I like the idea! (even if I've multiple feedback on current 
implementation). What's your plan for extensions hooking?

> diff --git a/mercurial/commands.py b/mercurial/commands.py
> --- a/mercurial/commands.py
> +++ b/mercurial/commands.py
> @@ -3516,16 +3516,26 @@ def debugsuccessorssets(ui, repo, *revs)
>               if succsset:
>                   ui.write('    ')
>                   ui.write(node2str(succsset[0]))
>                   for node in succsset[1:]:
>                       ui.write(' ')
>                       ui.write(node2str(node))
>               ui.write('\n')
>
> + at command('debugupgraderepo')
> +def debugupgraderepo(ui, repo):
> +    """upgrade a repository to use different features
> +
> +    During the upgrade, errors may be encountered when reading from the
> +    repository. This command should therefore not be executed on live
> +    repositories.
> +    """
> +    repair.upgraderepo(repo)
> +
>   @command('debugwalk', walkopts, _('[OPTION]... [FILE]...'), inferrepo=True)
>   def debugwalk(ui, repo, *pats, **opts):
>       """show how files match on given patterns"""
>       m = scmutil.match(repo[None], pats, opts)
>       items = list(repo.walk(m))
>       if not items:
>           return
>       f = lambda fn: fn
> diff --git a/mercurial/repair.py b/mercurial/repair.py
> --- a/mercurial/repair.py
> +++ b/mercurial/repair.py
> @@ -4,24 +4,28 @@
>   # Copyright 2007 Matt Mackall
>   #
>   # This software may be used and distributed according to the terms of the
>   # GNU General Public License version 2 or any later version.
>
>   from __future__ import absolute_import
>
>   import errno
> +import stat
>
>   from .i18n import _
>   from .node import short
>   from . import (
>       bundle2,
>       changegroup,
>       error,
>       exchange,
> +    localrepo,
> +    revlog,
> +    scmutil,
>       util,
>   )
>
>   def _bundle(repo, bases, heads, node, suffix, compress=True):
>       """create a bundle with the specified revisions as a backup"""
>       cgversion = changegroup.safeversion(repo)
>
>       cg = changegroup.changegroupsubset(repo, bases, heads, 'strip',
> @@ -307,8 +311,129 @@ def stripbmrevset(repo, mark):
>
>       Needs to live here so extensions can use it and wrap it even when strip is
>       not enabled or not present on a box.
>       """
>       return repo.revs("ancestors(bookmark(%s)) - "
>                        "ancestors(head() and not bookmark(%s)) - "
>                        "ancestors(bookmark() and not bookmark(%s))",
>                        mark, mark, mark)
> +
> +# Repository requirements that upgraderepo() can support.
> +supportedupgraderequirements = set([
> +    'fncache',
> +    'dotencode',
> +    'generaldelta',
> +    'revlogv1',
> +    'store',
> +])
> +
> +# Files that should not be copied to the new store as part of an upgrade.
> +ignorestorefiles = set([
> +    'lock',
> +    'fncache',
> +])
> +
> +def upgraderepo(repo):
> +    """Convert a repository to use different features/requirements.
> +
> +    This function performs an in-place "upgrade" of a repository to use
> +    a different set of repository/store features/requirements. It is
> +    intended to convert repositories to use modern features.
> +    """
> +    repo = repo.unfiltered()
> +
> +    if 'store' not in repo.requirements:
> +        raise util.Abort(_('cannot convert repositories missing the "store" '
> +                           'requirement'),
> +                         hint=_('use "hg clone --pull"'))

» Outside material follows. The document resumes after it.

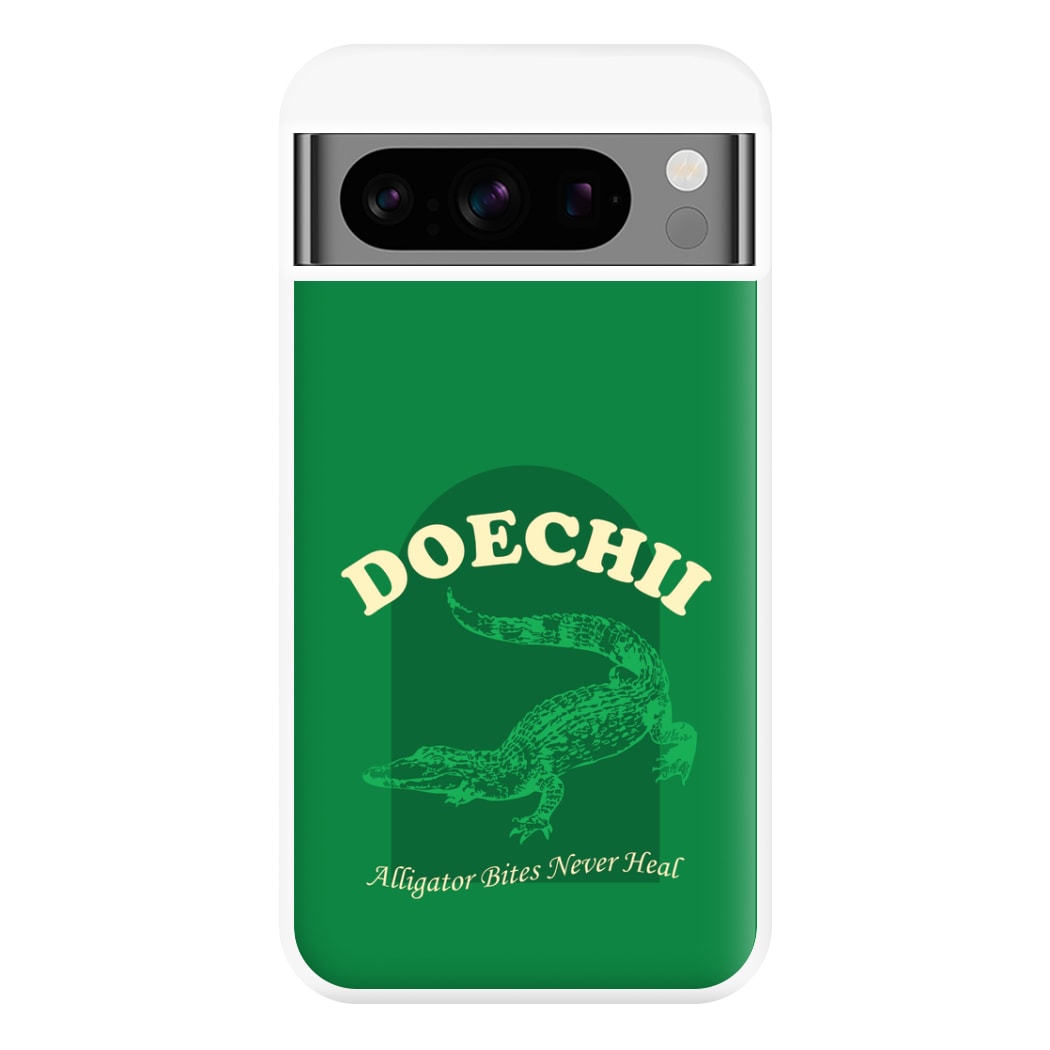 Alligator Bites Never Heal Collage Phone Case for Google Pixel 8 Pro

Can't we ? We could build a store directory and drop it in place?

> +    # FUTURE provide ability to adjust requirements via function arguments.
> +    createreqs = localrepo.newreporequirements(repo)
> +    missingreqs = createreqs - repo.requirements
> +    removedreqs = repo.requirements - createreqs

Why not just use the config "format" section for that. This way you can 
upgrade your repo fleet following a global config in a snapshot. Also 
the way you would control format for cloning and upgrade would be the same.


> +
> +    if removedreqs:
> +        raise util.Abort(_('cannot convert repository; removing requirement '
> +                           'not supported: %s' %
> +                           ', '.join(sorted(removedreqs))))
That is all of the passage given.